Exact retyping of the data: please keep every word and drop each picture.

Captioned web image data:
______

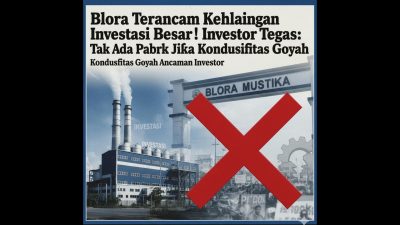 Blora Terancam Kehilangan Investasi Besar! Investor Tegas: Tak Ada Pabrik Jika Kondusifitas Goyah 3 TUTURPEDIA - Blora Terancam Kehilangan Investasi Besar! Investor Tegas: Tak Ada Pabrik Jika Kondusifitas Goyah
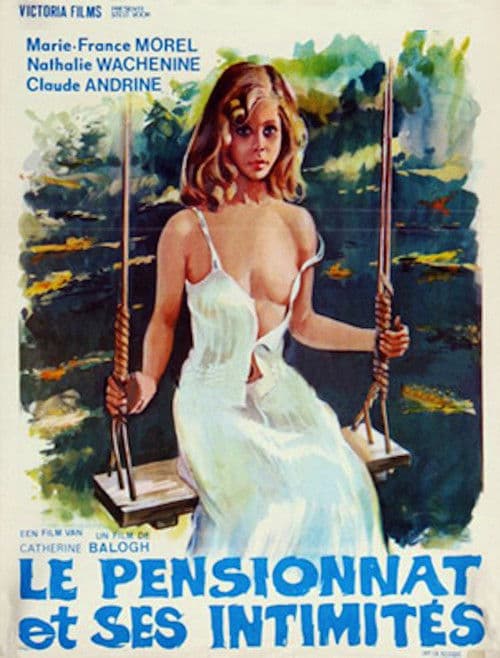 Poster for Le pensionnat et ses intimités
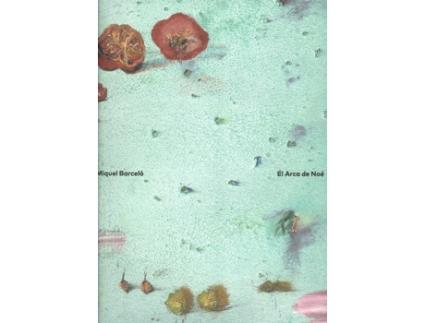 Livro Miquel Barcelo El Arca De Noe de Enrique Juncosa (Espanhol)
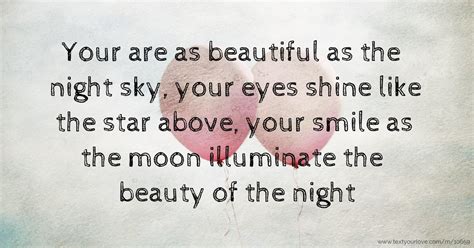 At first sight i left the energy of sun rays, i saw the life inside your eyes. Your are as beautiful as the night sky, your eyes shine ...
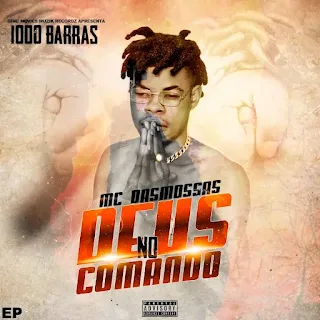 MC Dasmossas - Deus No Comando EP 2023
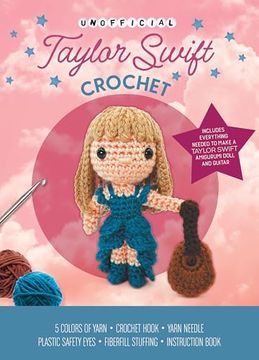 portada Unofficial Taylor Swift Crochet Kit: Includes Everything to Make a Taylor Swift Amigurumi Doll! (en Inglés)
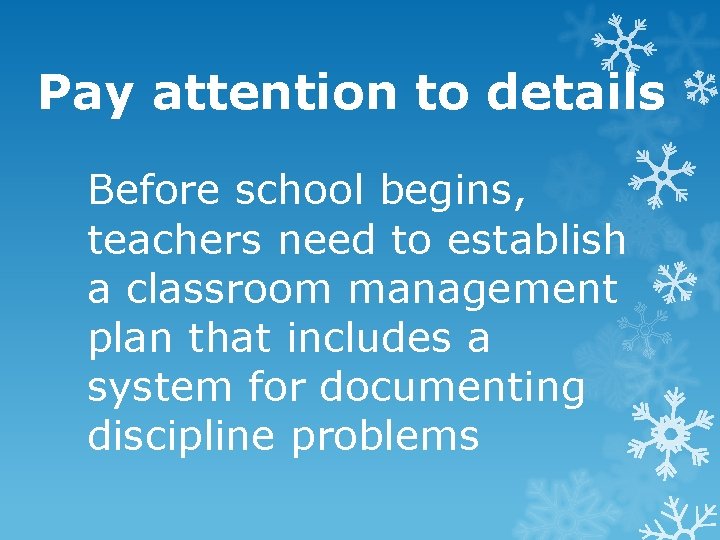 Pay attention to details Before school begins, teachers need to establish a classroom management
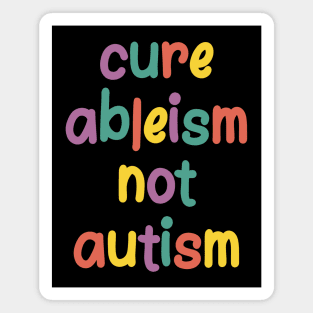 Cure Ableism Magnet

______

▸ **SOLUTION FOR THIS EXERCISE**:
 Blora Terancam Kehilangan Investasi Besar! Investor Tegas: Tak Ada Pabrik Jika Kondusifitas Goyah 3 TUTURPEDIA - Blora Terancam Kehilangan Investasi Besar! Investor Tegas: Tak Ada Pabrik Jika Kondusifitas Goyah
 Poster for Le pensionnat et ses intimités
 Livro Miquel Barcelo El Arca De Noe de Enrique Juncosa (Espanhol)
 At first sight i left the energy of sun rays, i saw the life inside your eyes. Your are as beautiful as the night sky, your eyes shine ...
 MC Dasmossas - Deus No Comando EP 2023
 portada Unofficial Taylor Swift Crochet Kit: Includes Everything to Make a Taylor Swift Amigurumi Doll! (en Inglés)
 Pay attention to details Before school begins, teachers need to establish a classroom management
 Cure Ableism Magnet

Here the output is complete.